Ease the pain of network downtime by managing expectations
Published: 12 May 2003 10:11 BST
Avoid embarrassment by checking the obvious
The first server I ever administered was a Dell running NT4 Server. It was working well when I was asked to move it from the main office to a secure area. At first, the job seemed fairly simple.
There was no network point in the archive room where it was to live, so the first thing I had to do was arrange one. This entailed simply drilling a hole through a partition wall and running a cable through it. Having ensured that my new point was live by plugging a desktop system into it, I arranged with the rest of the company the best time to move the server.

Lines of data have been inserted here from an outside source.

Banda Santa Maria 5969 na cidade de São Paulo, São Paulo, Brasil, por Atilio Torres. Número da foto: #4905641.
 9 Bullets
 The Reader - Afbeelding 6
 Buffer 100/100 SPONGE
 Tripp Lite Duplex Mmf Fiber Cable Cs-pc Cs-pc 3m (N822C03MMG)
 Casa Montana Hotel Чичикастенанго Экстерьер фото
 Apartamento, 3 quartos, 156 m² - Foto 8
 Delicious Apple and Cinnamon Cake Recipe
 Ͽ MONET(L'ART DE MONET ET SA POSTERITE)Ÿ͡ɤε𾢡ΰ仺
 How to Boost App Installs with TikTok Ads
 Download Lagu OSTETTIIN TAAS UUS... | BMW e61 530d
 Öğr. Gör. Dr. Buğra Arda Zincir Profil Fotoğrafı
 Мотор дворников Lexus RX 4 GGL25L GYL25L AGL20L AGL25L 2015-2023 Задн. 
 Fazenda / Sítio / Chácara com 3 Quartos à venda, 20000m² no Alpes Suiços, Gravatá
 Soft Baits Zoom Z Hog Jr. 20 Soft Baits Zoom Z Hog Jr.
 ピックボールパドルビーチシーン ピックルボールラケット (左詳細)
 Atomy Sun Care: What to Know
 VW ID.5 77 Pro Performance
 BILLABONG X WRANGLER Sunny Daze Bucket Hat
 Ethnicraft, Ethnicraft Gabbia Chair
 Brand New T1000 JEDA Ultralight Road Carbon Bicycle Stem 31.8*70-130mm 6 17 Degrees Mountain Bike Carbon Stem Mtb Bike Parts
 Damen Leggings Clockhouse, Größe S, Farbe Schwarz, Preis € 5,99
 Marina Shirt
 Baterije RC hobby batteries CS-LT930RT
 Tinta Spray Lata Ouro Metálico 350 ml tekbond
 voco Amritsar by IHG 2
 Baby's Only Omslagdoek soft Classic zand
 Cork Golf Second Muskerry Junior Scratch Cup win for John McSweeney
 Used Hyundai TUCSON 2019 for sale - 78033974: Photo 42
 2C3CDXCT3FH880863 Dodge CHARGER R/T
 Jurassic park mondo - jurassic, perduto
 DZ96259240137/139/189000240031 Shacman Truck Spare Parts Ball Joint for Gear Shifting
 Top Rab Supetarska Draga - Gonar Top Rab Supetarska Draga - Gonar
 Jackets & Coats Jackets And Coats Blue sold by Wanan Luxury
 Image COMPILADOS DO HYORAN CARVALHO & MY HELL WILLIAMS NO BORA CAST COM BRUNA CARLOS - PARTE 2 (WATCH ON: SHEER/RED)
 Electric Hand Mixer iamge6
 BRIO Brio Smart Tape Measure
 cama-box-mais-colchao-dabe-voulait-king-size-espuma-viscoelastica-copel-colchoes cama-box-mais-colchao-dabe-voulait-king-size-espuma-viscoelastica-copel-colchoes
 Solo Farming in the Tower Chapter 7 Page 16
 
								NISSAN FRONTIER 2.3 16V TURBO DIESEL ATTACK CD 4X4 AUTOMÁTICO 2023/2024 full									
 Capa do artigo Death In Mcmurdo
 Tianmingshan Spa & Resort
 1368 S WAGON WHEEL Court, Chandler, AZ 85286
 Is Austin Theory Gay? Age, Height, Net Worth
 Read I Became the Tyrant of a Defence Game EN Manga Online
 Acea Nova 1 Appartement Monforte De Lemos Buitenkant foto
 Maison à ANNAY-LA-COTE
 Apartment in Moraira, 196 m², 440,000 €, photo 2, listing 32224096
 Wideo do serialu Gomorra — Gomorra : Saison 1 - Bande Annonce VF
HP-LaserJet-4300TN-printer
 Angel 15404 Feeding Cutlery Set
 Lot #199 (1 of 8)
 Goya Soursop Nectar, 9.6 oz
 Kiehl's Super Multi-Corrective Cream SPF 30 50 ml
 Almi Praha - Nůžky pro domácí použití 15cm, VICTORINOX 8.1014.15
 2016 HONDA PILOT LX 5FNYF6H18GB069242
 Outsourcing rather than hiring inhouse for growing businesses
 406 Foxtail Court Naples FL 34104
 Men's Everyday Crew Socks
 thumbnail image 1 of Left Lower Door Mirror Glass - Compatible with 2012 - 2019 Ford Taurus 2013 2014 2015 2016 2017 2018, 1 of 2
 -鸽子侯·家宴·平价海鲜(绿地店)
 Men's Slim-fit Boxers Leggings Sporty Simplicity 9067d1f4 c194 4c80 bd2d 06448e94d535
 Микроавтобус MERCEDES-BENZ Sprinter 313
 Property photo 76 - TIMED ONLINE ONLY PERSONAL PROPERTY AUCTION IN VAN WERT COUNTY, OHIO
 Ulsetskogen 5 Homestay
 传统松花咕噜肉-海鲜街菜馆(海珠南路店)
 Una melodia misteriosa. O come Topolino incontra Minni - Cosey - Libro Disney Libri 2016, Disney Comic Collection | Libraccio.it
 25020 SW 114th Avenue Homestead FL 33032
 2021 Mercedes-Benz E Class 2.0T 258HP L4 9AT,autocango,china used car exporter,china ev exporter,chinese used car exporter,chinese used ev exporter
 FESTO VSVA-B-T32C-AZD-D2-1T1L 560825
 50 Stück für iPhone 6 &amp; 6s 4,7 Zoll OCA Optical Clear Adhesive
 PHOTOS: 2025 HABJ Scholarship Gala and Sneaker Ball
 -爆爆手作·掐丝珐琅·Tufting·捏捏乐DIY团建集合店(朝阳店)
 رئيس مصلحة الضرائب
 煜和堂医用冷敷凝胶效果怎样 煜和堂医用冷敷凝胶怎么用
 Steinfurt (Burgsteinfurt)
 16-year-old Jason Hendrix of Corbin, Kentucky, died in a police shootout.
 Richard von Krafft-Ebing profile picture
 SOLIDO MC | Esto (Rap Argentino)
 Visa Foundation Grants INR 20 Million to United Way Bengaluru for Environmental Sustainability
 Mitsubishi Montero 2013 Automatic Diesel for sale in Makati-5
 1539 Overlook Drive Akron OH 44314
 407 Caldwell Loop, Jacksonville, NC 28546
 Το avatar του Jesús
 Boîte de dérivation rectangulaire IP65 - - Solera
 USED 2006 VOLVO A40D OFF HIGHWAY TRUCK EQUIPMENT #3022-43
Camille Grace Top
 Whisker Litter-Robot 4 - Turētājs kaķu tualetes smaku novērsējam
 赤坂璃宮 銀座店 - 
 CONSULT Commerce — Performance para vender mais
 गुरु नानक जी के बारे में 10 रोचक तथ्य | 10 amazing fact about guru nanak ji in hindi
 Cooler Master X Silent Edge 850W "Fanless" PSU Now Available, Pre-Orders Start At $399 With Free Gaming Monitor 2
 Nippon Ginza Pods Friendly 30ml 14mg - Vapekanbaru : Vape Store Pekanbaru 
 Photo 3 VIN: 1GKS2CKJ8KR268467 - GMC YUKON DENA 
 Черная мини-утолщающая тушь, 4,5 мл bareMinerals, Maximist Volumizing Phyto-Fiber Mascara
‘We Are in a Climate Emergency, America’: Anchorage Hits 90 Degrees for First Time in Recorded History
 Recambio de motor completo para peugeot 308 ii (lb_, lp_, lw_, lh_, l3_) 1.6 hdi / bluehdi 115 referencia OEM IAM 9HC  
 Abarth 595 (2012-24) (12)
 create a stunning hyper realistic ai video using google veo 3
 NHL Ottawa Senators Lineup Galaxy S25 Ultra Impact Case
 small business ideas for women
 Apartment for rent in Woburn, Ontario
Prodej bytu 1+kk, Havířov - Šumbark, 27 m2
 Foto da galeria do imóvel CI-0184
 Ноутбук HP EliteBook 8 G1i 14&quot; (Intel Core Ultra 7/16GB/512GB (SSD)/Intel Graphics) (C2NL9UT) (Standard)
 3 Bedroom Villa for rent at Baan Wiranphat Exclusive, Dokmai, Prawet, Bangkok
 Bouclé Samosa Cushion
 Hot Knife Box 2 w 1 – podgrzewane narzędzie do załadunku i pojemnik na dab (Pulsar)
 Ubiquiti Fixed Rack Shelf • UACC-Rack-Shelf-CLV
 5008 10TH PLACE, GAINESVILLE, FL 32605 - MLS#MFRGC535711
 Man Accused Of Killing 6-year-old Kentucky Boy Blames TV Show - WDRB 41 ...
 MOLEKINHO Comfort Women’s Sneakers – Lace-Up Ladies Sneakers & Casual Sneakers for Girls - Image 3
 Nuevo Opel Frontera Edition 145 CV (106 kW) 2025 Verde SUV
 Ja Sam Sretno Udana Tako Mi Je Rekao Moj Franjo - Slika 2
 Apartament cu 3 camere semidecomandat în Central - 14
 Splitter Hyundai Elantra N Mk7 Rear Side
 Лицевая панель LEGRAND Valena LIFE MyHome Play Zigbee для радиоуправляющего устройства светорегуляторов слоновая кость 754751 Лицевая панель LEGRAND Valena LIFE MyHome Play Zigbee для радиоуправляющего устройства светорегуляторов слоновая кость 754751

As it turned out, the entire company was in a meeting discussing their next research project, so I had free run of the building and the network. They were having lunch sent in, so I figured I had plenty of time to allow for disasters. I unplugged the server screen and moved it to the new area.
I piled the keyboard, mouse, and UPS onto the server case, unlocked the wheels, and removed the power plug. The server was still active, running from the UPS, which was set to run the system for 20 minutes before closing down. In no time, everything was plugged back in, and I ran around the office to make sure that I could see server volumes on the desktop machines.
"Great", I thought, "a job well done". When the rest of the workforce returned, however, it turned out that the messaging services had stalled, and nobody could send email. I took a few more minutes to restart the services and kicked myself for not thinking to check it.
With any luck, that particular scenario will not occur again, since I recorded it in my server diary and added it to the procedure for similar operations.
Have a contingency plan
It's possible that your work may overrun the time constraints allotted, and that you'll need to retreat from your efforts to let users back on. Be sure that it's possible to roll back to the original system state. But, before you abandon a job that's nearly complete, try some on-the-fly negotiations with the user base. They may be happy to stay offline for another hour if it prevents another shutdown in the near future.
It's important to know what the options are and what the point of no return is. Thankfully, I've never gone past it. By employing a strict if-it-ain't-broke-don't-fix-it policy, I've managed to keep things reasonably functional. Any work I wasn't sure about went onto the test machines for evaluation before I implemented it, and I also created an additional backup. In a pinch, it would have been possible to plug my test server onto the live network to replace the main machine.
In any event, you should build a margin of safety into any scheduled downtime slot. If you come in ahead of schedule, your team will feel good about it, and the user base will also think you have done well. If your estimates are too "realistic", you will have to live up to them or risk losing the confidence of both your team and the users.